T Nation

Here's My Take on a Cut, Thoughts?


#1

Okay so I’m currently at 74ks and 14-15% body fat and am aiming to lean down.

I’m getting towards the end of rehab cycle, (blew out my cruciates and tore my adductor at the same time) so am not doing any explosive cardio. My week consists of 3 strength days and 3 days of rehab and accessory work. I try and incorporate 2 days of low impact HIIT a week.

I’ve been following Ben Greenfield for a good few years now and have had a fair amount of success with his take on nutrition: LCHF. Any way here’s my plan, such that it is.

Diet protocol. Cyclic Ketosis/ Carb Backloading

2200 calories, (using katch mcardle’s formula)

Seeing as a LCHF diet is supposed to be protein sparing I’m aiming for 1.2 grams of protein per kg, so 88,8 grams (round it up to 90)

Carbs I’m setting at 120 grams a day with one re feed day a week where I’ll push it up to 180, (planning on doing this refeed on my leg day which I find is the most taxing).
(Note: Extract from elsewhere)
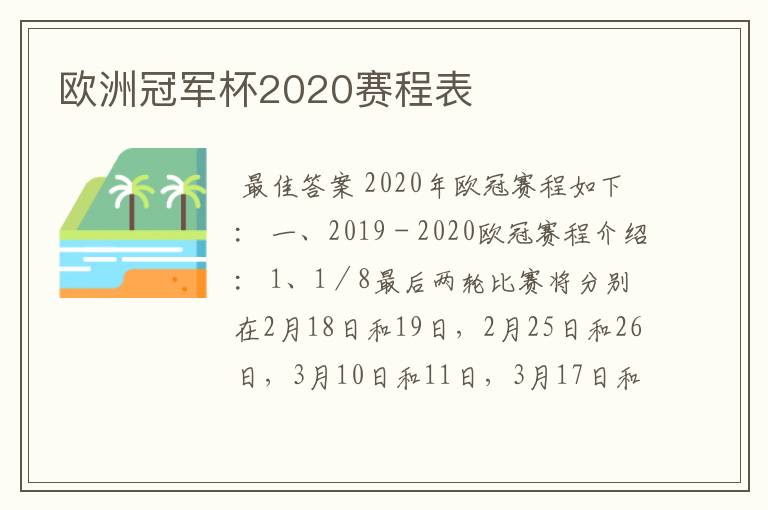 欧洲冠军杯2020赛程表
The rest will be made of healthy fats.

So in summary:

2200 calories

90 grams of protein/ 360 calories/ 16%
120 grams of carbs/ 480 calories/ 22%
150 grams of fat/ 1360 calories/ 62%

Supplement wise I’m going to be on Vit D3, Omega 3 Fish Oil, Tryptohphan and 5 HTP, (depressive disorder).

Other, “hacks,” I’ll be using include taking twice daily cold showers and using a standing workstation to burn extra calories. I’ve also started meditating to help reduce excess stress and cortisol.

I’m also looking into gut health so will be including Sauerkraut and Komboocha into my diet. I’ve found bonebroth to be beneficial to my recovery in the past so will use that too. Lastly as a predigestive I normally have chunks of ginger before every meal and have at least one glass of water with lemon juice in it at the beginning of the day as an alkalinising agent.

So that’s it. Trying to not over think things, I believe I have most of the basics covered though. Any thoughts would be greatly appreciated.

Thanks,
Rob


#2

You are incorporating a lot of different tactics. Kind of like throwing everything at the wall and see what sticks.

You are 74 kg. That is pretty small unless you are under 150 cm…

You should start thinking adding muscle and forgetting the word cut and bulk. Think more about eating to grow. I find your protein low.


#3

Thanks feedback JFG, will look into upping the protein.


#4

There is nothing wrong with a scatter gun approach when it comes to fat loss tactics. I personally find it adds to the motivational aspect of body transformation. For that reason, I like your set up, although I do think you are around 60g below the protein mark. I’m also not sure how 120 CHO per day is a low carb diet? Or how 180 CHO is a reefed? That said, given your training volume, those macros may fit you perfectly. So you are entitled to go with that formula and see how it pans out. Good luck.


#5

Thanks James, will definitely up the protein.

I’ve played around with glucometer/ ketone monitor and have found that if I eat in pretty ketogenic state throughout the day, train heavy and then have between 100 - 120 grams of carbs at dinner post workout that I recover more effectively, sleep well and that I’m back in ketosis by within a few hours. I suppose that’s my threshold? That approach works until I throw in a really heavy session, say a hard leg day, in which case I find that if I throw in another 50ish grams of carbs to recover. So I suppose you could that a refeed? I know a lot of that’s maybe garbeled? Bit of my own research. Seems to be working in term of maintanence.